Exercise objective | Work through the listing below and give again exactly the lines from the one with "1709 Summerlyn - Photo Thumbnail 41" to the one with "FORD BRONCO - 4", both ends included. All other lines and all pictures stay out.

**********

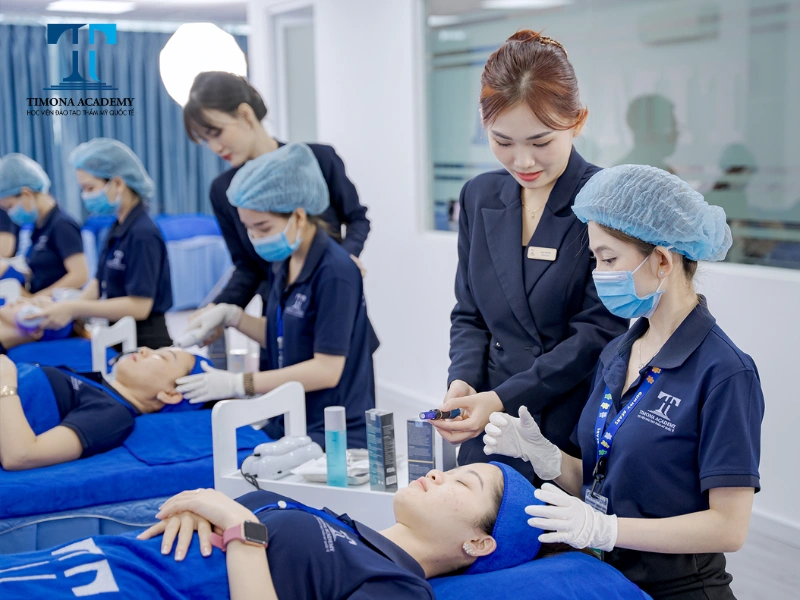 Timona Academy - Nơi chất lượng đào tạo, đội ngũ giảng viên và môi trường hiện đại hội tụ, luôn đặt học viên làm trung tâm.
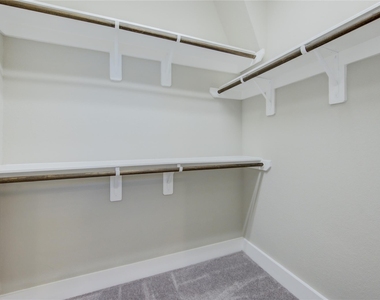 1709 Summerlyn - Photo Thumbnail 41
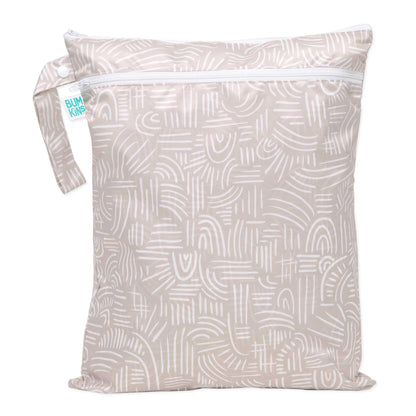 Bumkins Waterproof Hanging Wet Bag Large for Baby, Laundry, Dirty Clothes, Travel, Swim Suit, Cloth Diapers, Pool, Towels, Daycare, Beach, Zip Reusable Bag, Wetdry Vacation Packing, XL Boho Beige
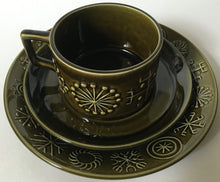 Load image into Gallery viewer, Portmeirion Green &quot;Totem&quot; Trio - Cup, Saucer &amp; Cake plate - Designed by Susan Williams-Ellis Made in England
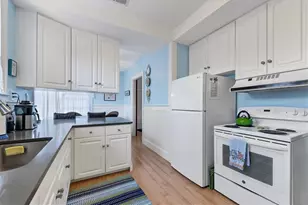 1676 Oak St, Sarasota, FL 34236 - Photo 12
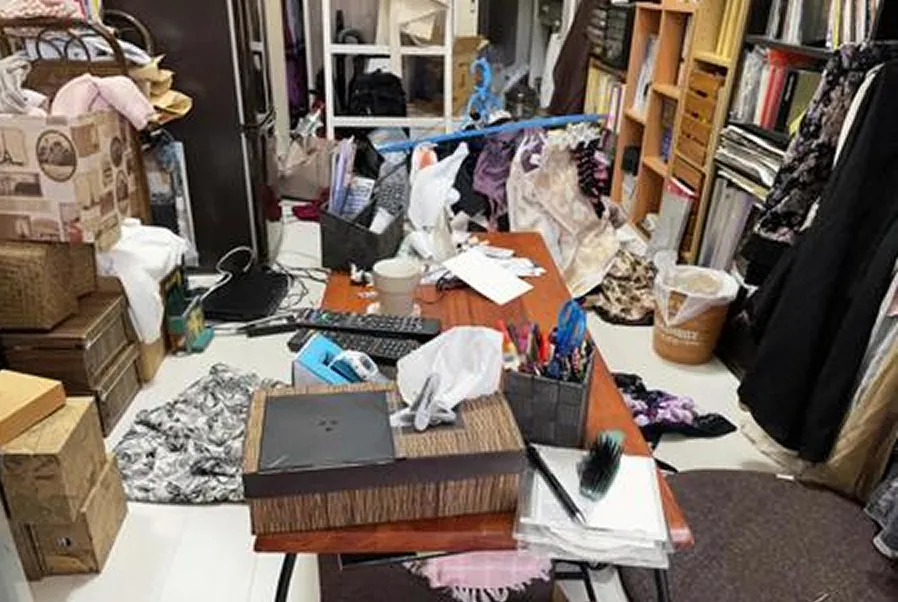 物が散乱した部屋の画像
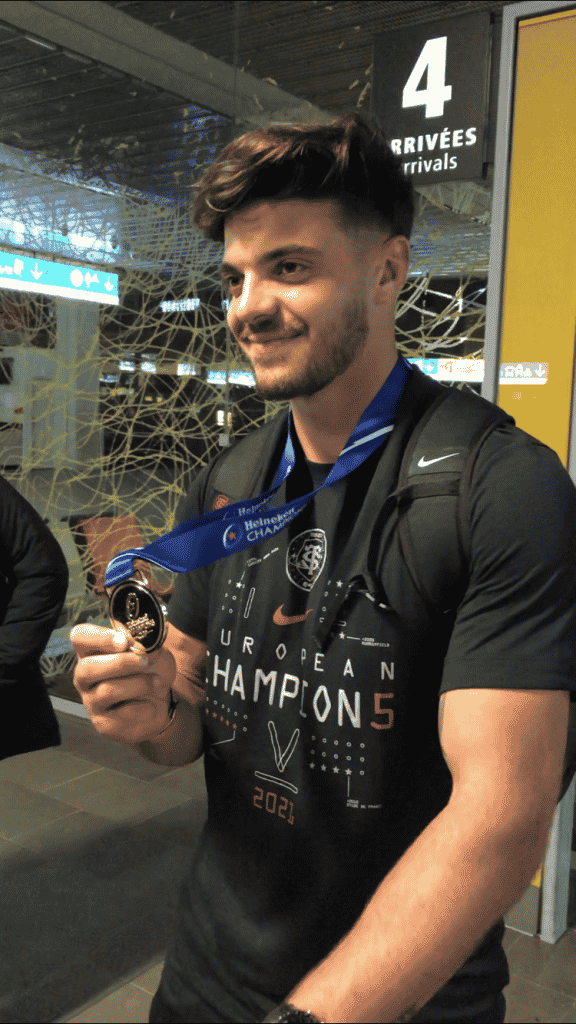 Romain Ntamack et sa médaille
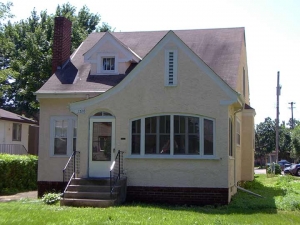 4 Bedroom apartment building exterior, Minneapolis, MN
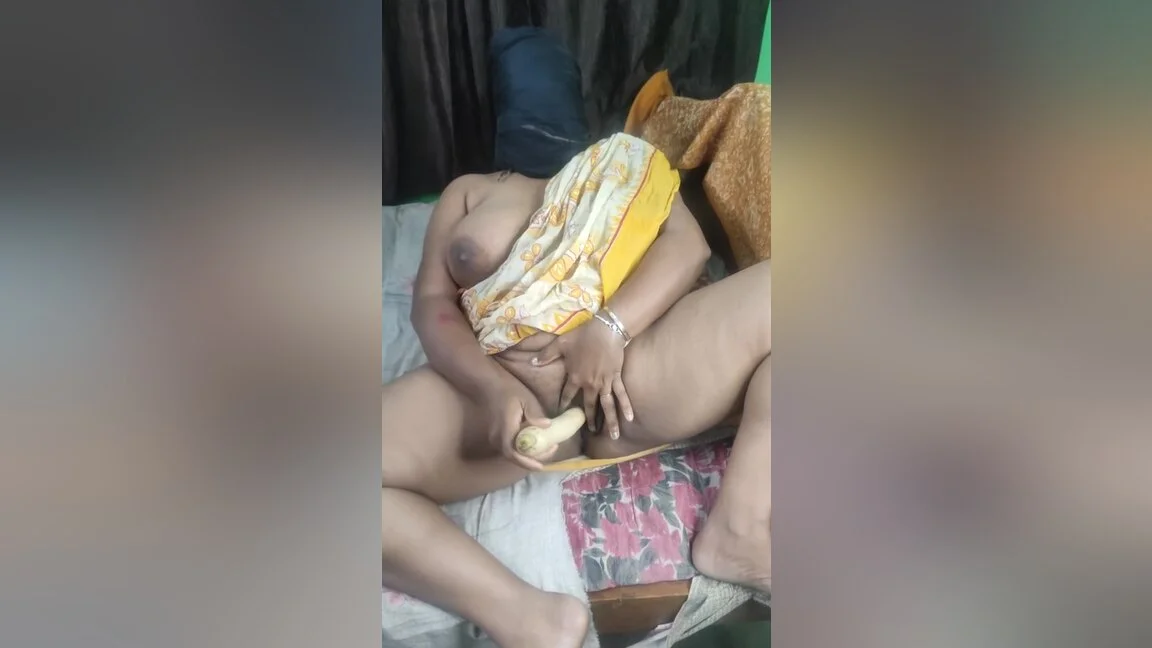 Indian Hot Bhabi Fingering Her Pussy With Oils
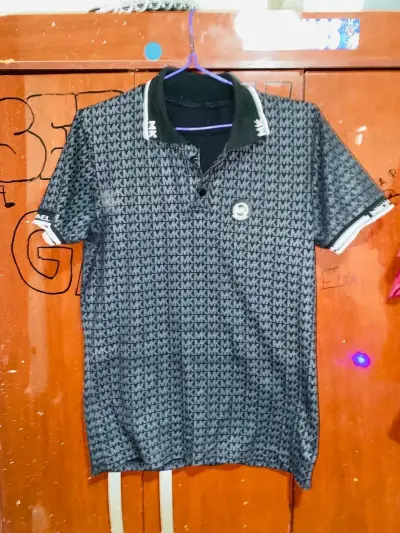 Polera polo negra con diseño MK - miniatura 1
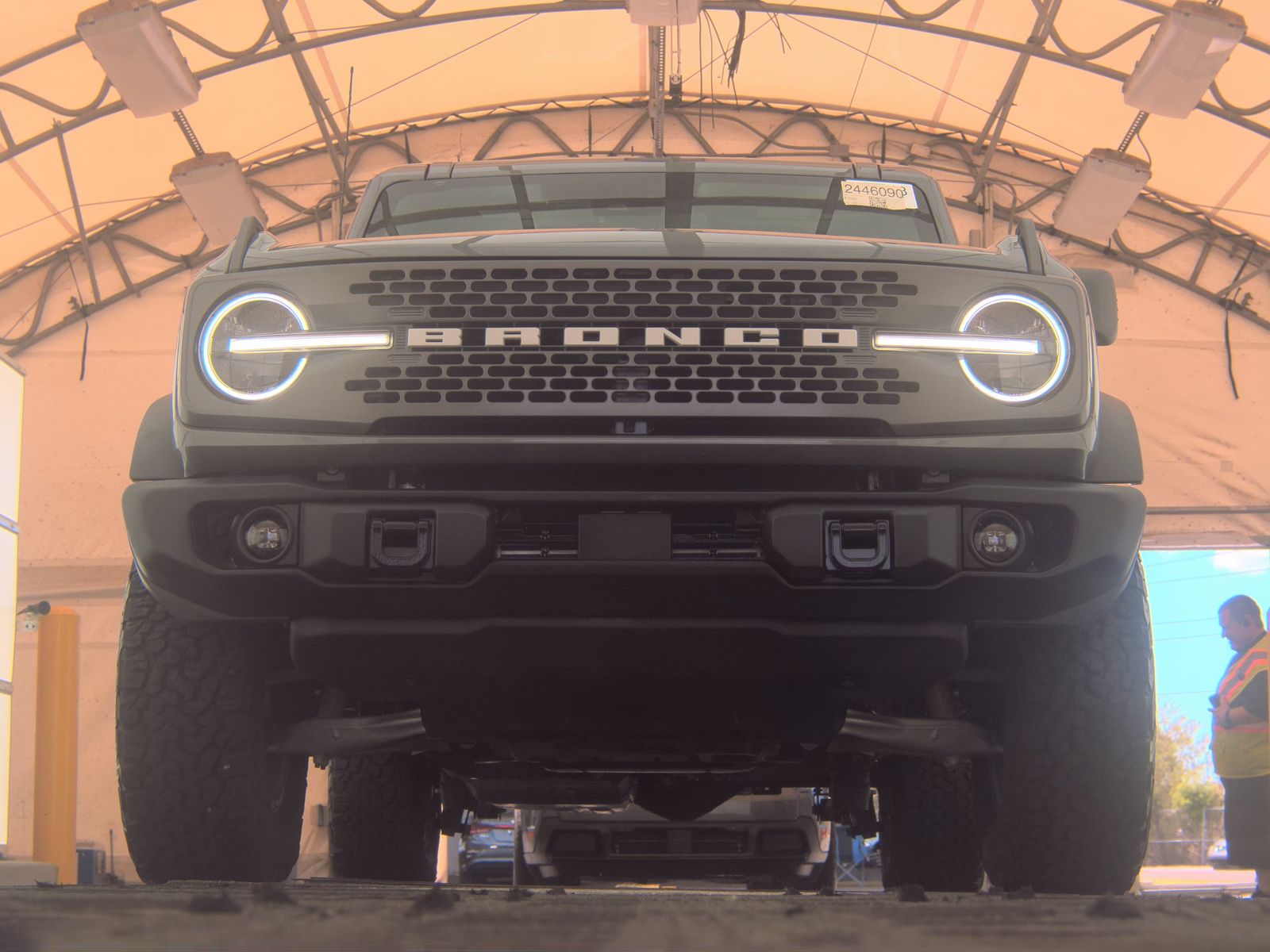 FORD BRONCO - 4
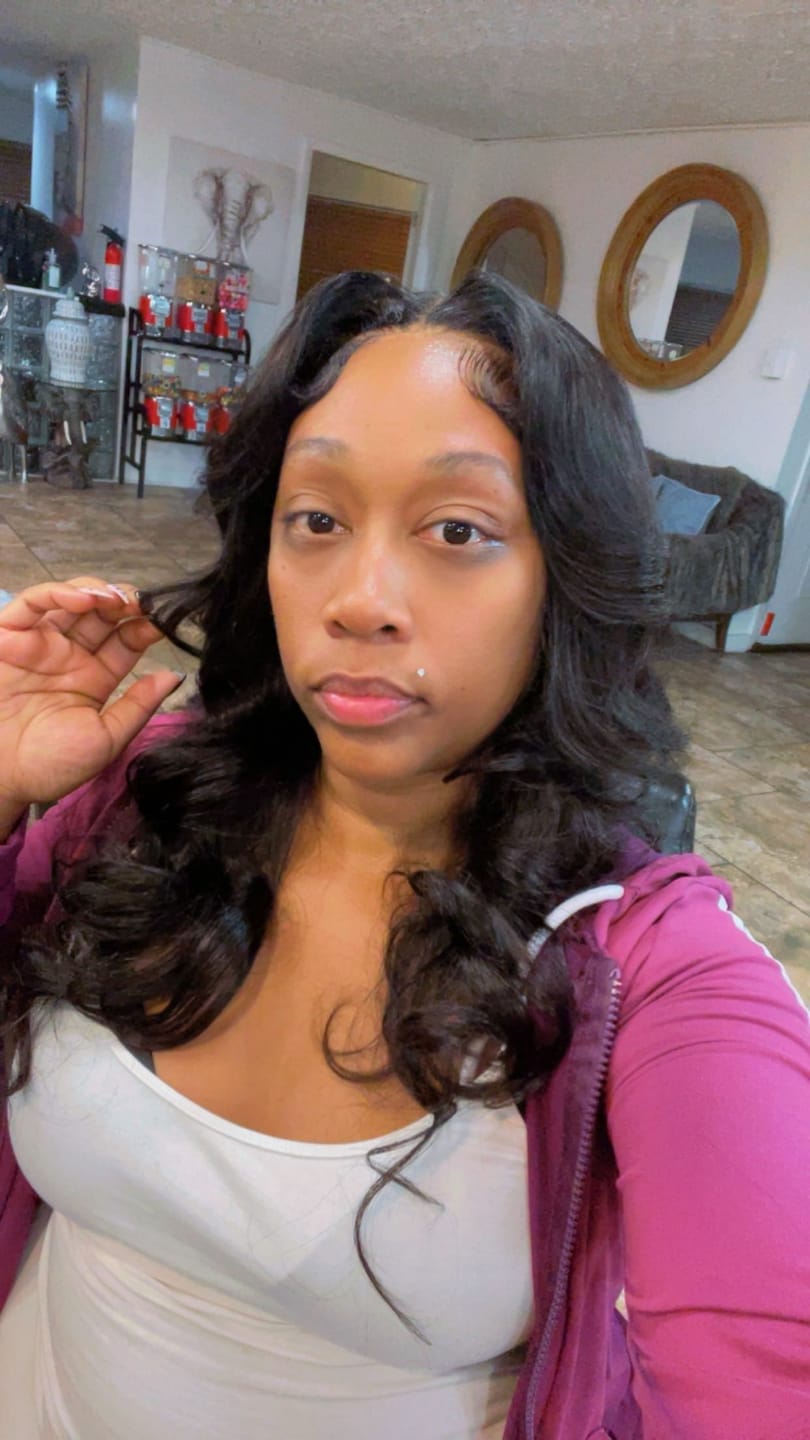 Customer photo review of Wavymy Layered Cut Loose Wave Pre-bleached Wear Go Glueless 7x5 Lace Closure Wigs 180% Density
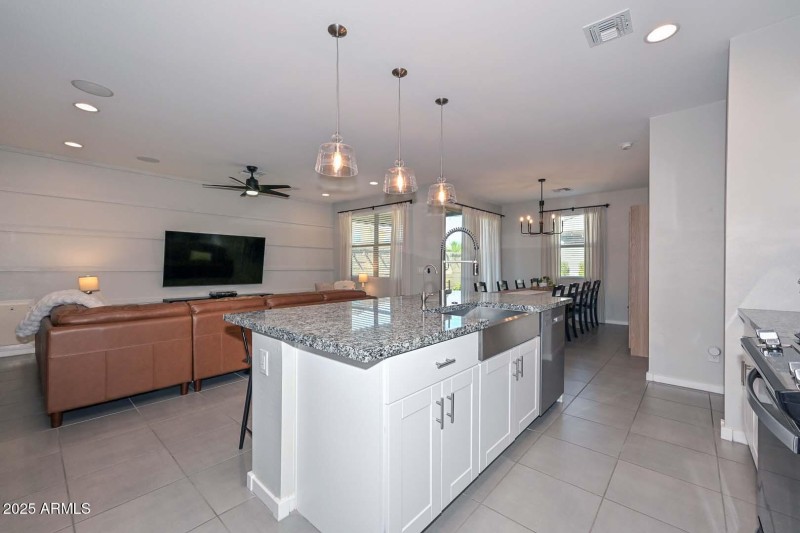 Kitchen-Island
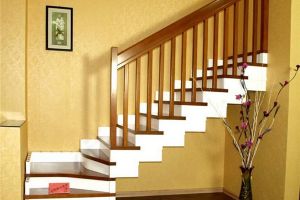 家装楼梯踏步宽度
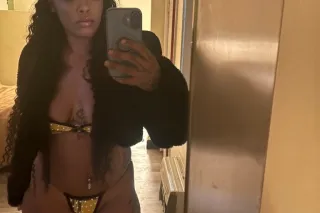 In town for the night 😌💦💦 - Image 5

**********

Exercise solution |
 1709 Summerlyn - Photo Thumbnail 41
 Bumkins Waterproof Hanging Wet Bag Large for Baby, Laundry, Dirty Clothes, Travel, Swim Suit, Cloth Diapers, Pool, Towels, Daycare, Beach, Zip Reusable Bag, Wetdry Vacation Packing, XL Boho Beige
 Load image into Gallery viewer, Portmeirion Green &quot;Totem&quot; Trio - Cup, Saucer &amp; Cake plate - Designed by Susan Williams-Ellis Made in England
 1676 Oak St, Sarasota, FL 34236 - Photo 12
 物が散乱した部屋の画像
 Romain Ntamack et sa médaille
 4 Bedroom apartment building exterior, Minneapolis, MN
 Indian Hot Bhabi Fingering Her Pussy With Oils
 Polera polo negra con diseño MK - miniatura 1
 FORD BRONCO - 4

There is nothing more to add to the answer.